То же происходит и с Феликсом. «Посмотрим, как на тебе все это сидит», — говорит ему Герман перед тем как выстрелить. «…он упал не сразу, сперва докончил движение, еще относившееся к жизни, — а именно почти полный поворот, — хотел вероятно в шутку повертеться передо мной, как перед зеркалом…» И дальше — продолжение нарциссического мотива: «И пока я смотрел, в ровно звенящем лесу потемнело, — и, глядя на расплывшееся, все тише звеневшее лицо передо мной, мне казалось, что я гляжусь в недвижную воду» (437).
Отметим также пародийно звучащую в обоих романах гомосексуальную интонацию, связанную с темой «братьев», с одной стороны, и с темой респектабельного убийцы и жертвы-бродяги — с другой. Приведем, наконец, замечание Германа по поводу одного из возможных прочтений его произведения: «французам привидятся миражи Содома» (429). Представляется, Набоков целился в Андре Жида.[26]
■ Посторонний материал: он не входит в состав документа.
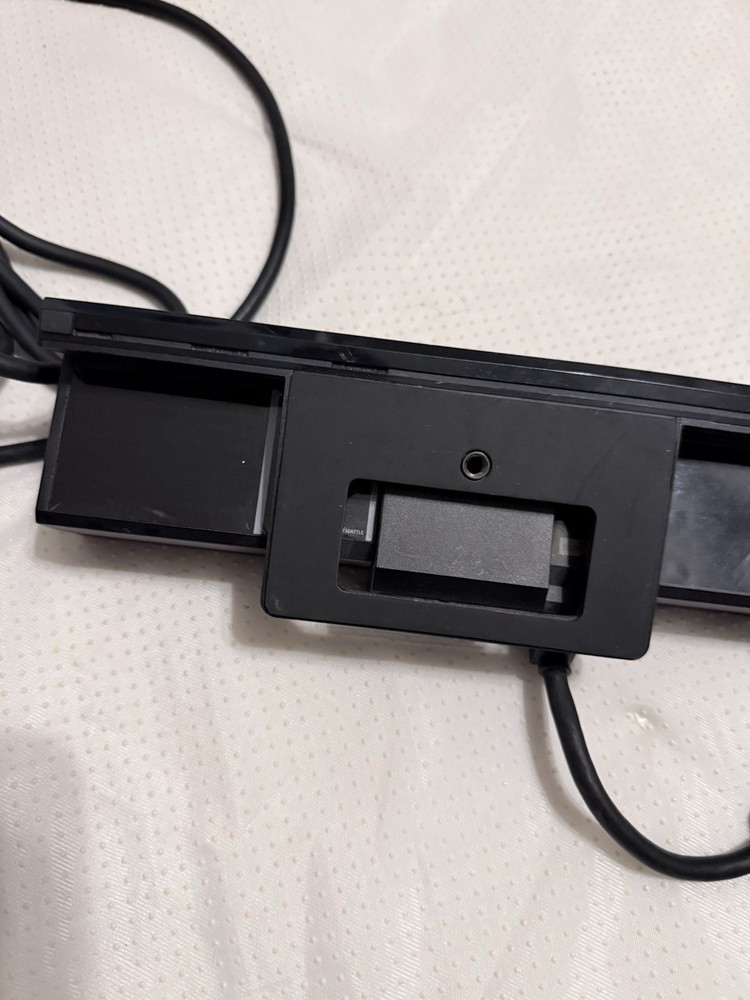 Microsoft Xbox One Kinect Motion Sensor Camera Black Wired for Console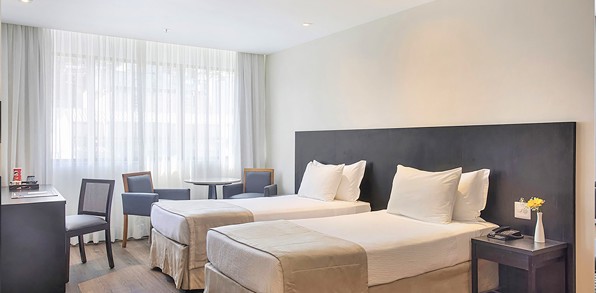 Windsor Leme Hotel Værelse 01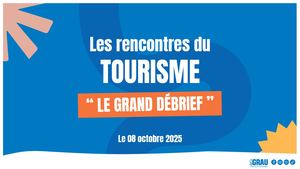 Rencontres Du Tourisme 2025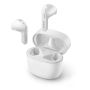 Philips 2000 series TAT2236WT Headset Draadloos In-ear Oproepen/muziek Bluetooth Wit (TAT2236WT/00) thumbnail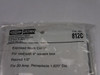Hubbell 812C Exposed Work Cover For 20Amp Receptacle 1.620" Dia ! NWB !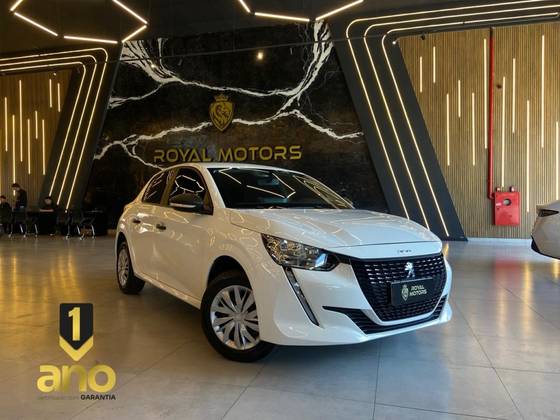 PEUGEOT 208 1.0 FIREFLY FLEX LIKE MANUAL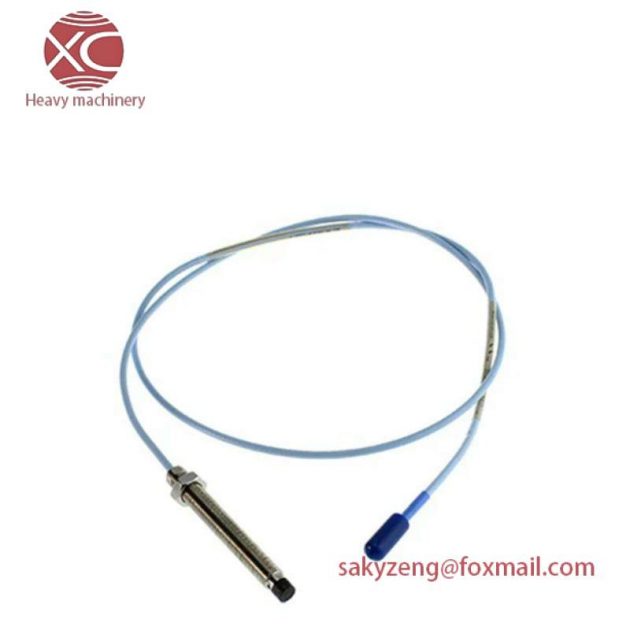 Bently Nevada 330103-00-05-10-02-CN: Precision 3300 XL 8 mm Proximity Probes for Advanced Industrial Control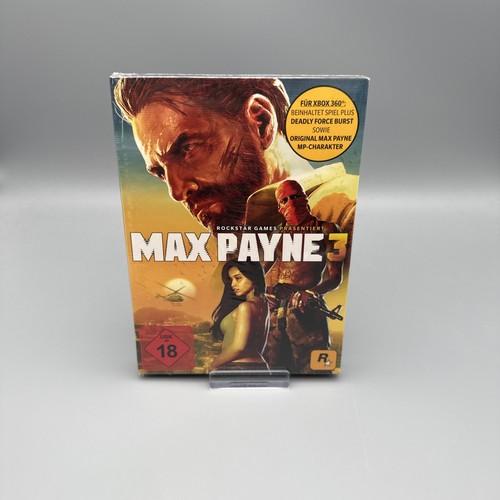 Max payne xbox 360 - 3, |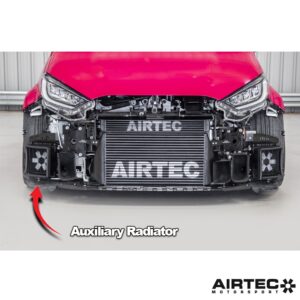 AIRTEC MOTORSPORT - RADIATORE AUSILIARIO TOYOTA YARIS GR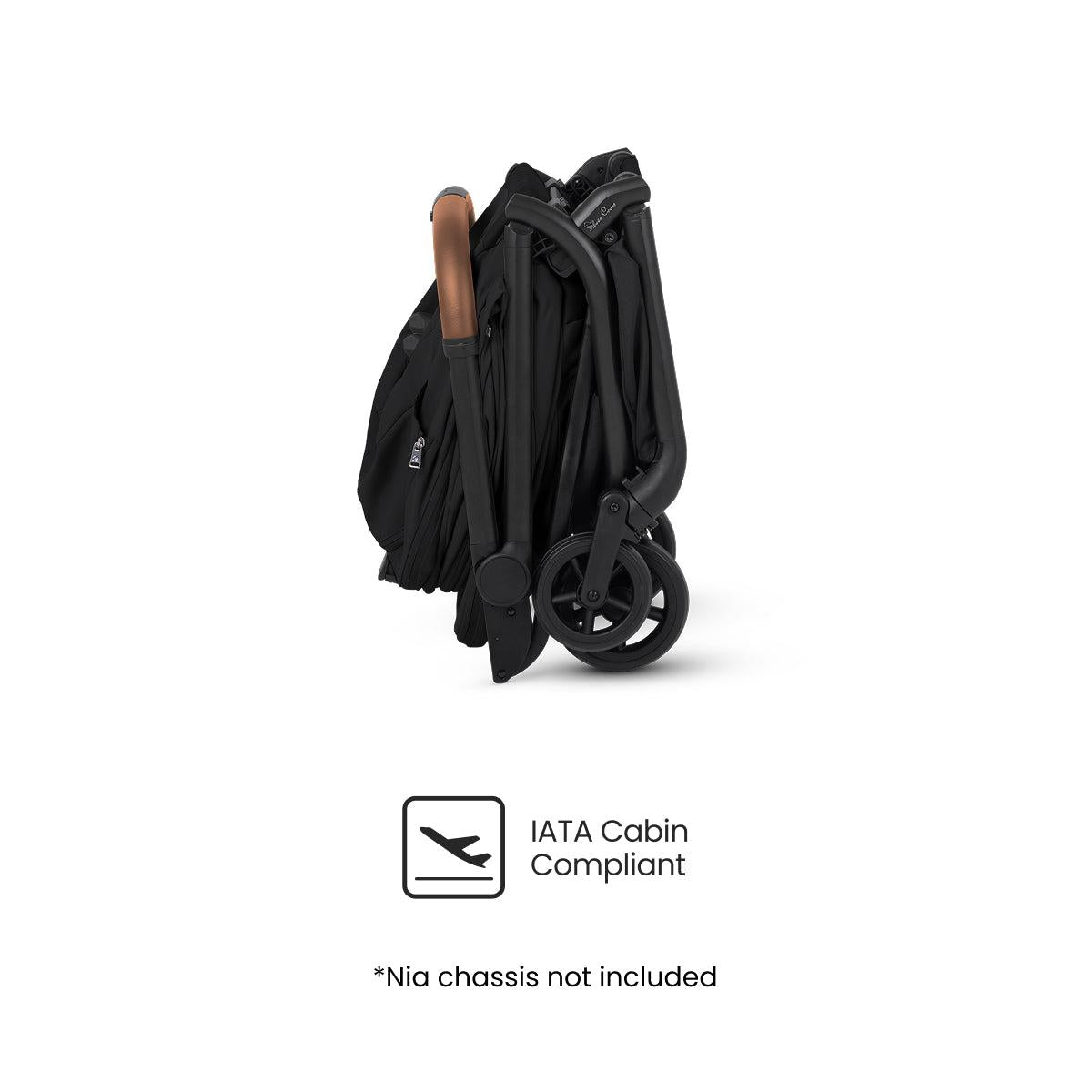 Silver Cross Nia Compact Bassinet | COMING SOON!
Как мы помним, Г. Адамович судил Набокова с позиций религиозно-нравственных. При этом он отождествлял автора с героем и литературной маской последнего — Передоновым. Ж.-П. Сартр, судя Набокова с позиций нравственно-политических,[27] отождествил его с другими масками Германа, в том числе с масками героев Андре Жида. «Этот пассаж <…> достаточно ясно дает понять, что именно в первую очередь занимает и героя, и автора „Отчаяния“. В результате получился курьезный труд — роман самокритики и самокритика романа. Здесь можно вспомнить „Фальшивомонетчиков“».[28] В известном приговоре, которым завершается рецензия Сартра, обратим внимание на словосочетание «sujets gratuits», «немотивированные сюжеты». Оно вновь соединяет героя и автора «Отчаяния» с персонажами Жида, развивающими теорию «action gratuite». «Оторванность от почвы у Набокова, как у Германа Карловича, абсолютна. Он не интересуется обществом — хотя бы для того, чтобы против него взбунтоваться, — потому что ни какому обществу не принадлежат. Именно это в конце концов приводит Карловича к его совершенному преступлению, а Набокова заставляет излагать по-английски сюжеты-пустышки».[29] (В оригинале «des sujets gratuits» — необоснованные, беспочвенные сюжеты.)
Можно сказать, таким образом, что оба обвинения, оба разоблачительных сравнения (как Адамовича, так и Сартра) были спровоцированы самим Набоковым. Критики, в известном смысле, оказались втянуты в мир послушных набоковских персонажей.